◆ **Task prompt**
Only the lines from the one with "an animated image" through the final line below belong in the answer, copied exactly and without pictures.

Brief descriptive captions
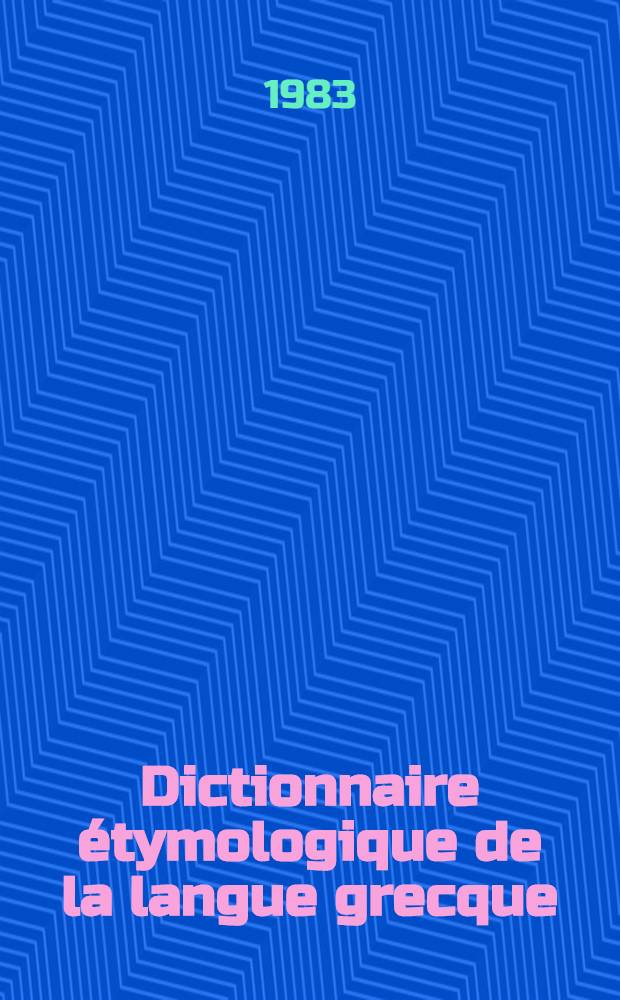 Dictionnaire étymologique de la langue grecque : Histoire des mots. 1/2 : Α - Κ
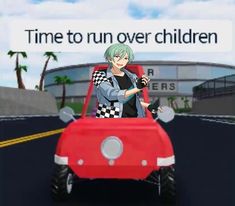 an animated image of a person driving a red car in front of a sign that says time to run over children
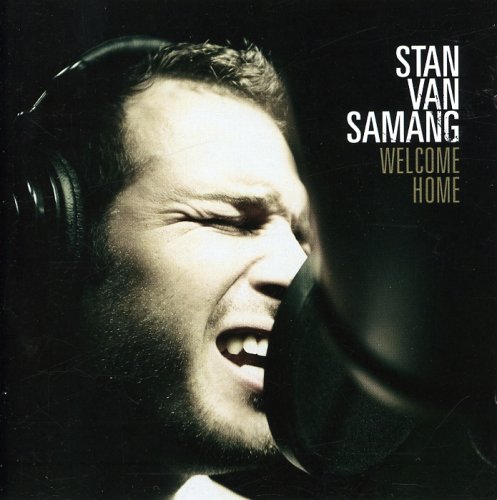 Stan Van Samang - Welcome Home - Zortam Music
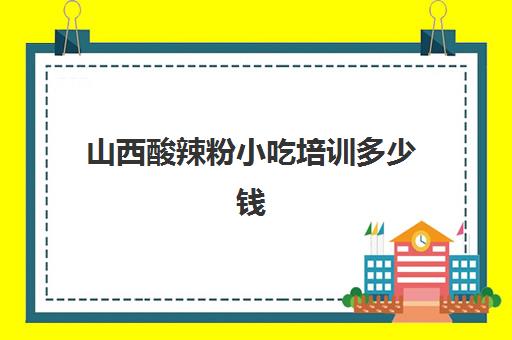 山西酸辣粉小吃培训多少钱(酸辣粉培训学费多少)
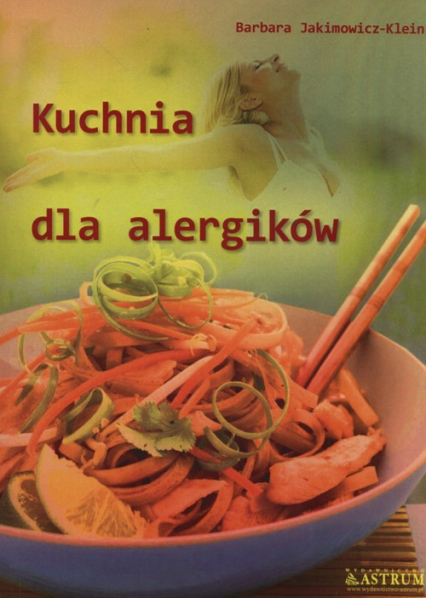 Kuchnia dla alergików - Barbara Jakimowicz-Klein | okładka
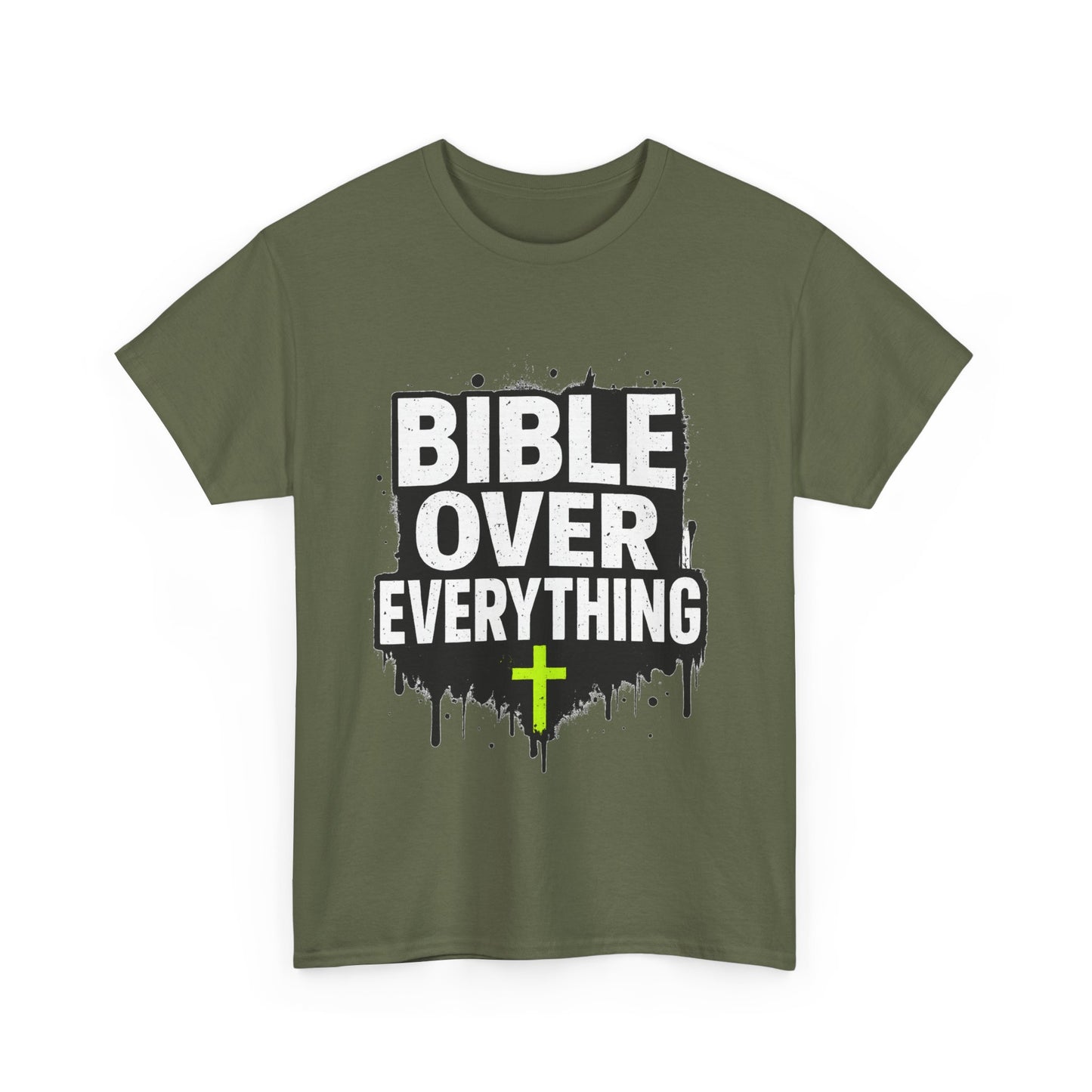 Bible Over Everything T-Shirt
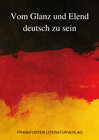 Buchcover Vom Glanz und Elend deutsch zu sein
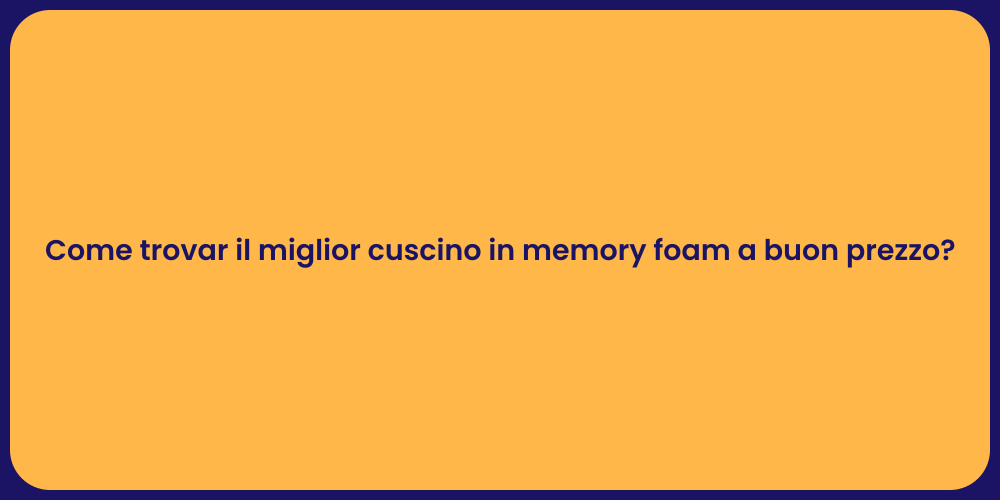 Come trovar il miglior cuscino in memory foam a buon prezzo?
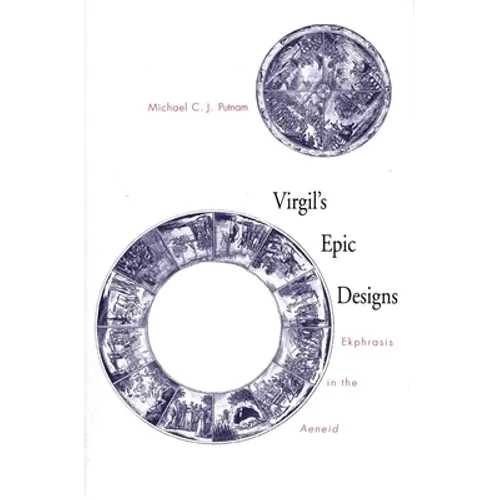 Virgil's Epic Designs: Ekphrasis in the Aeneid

◆ **Task solution**
 an animated image of a person driving a red car in front of a sign that says time to run over children
 Stan Van Samang - Welcome Home - Zortam Music
 山西酸辣粉小吃培训多少钱(酸辣粉培训学费多少)
 Kuchnia dla alergików - Barbara Jakimowicz-Klein | okładka
 Bible Over Everything T-Shirt
 Buchcover Vom Glanz und Elend deutsch zu sein
 Come trovar il miglior cuscino in memory foam a buon prezzo?
 Virgil's Epic Designs: Ekphrasis in the Aeneid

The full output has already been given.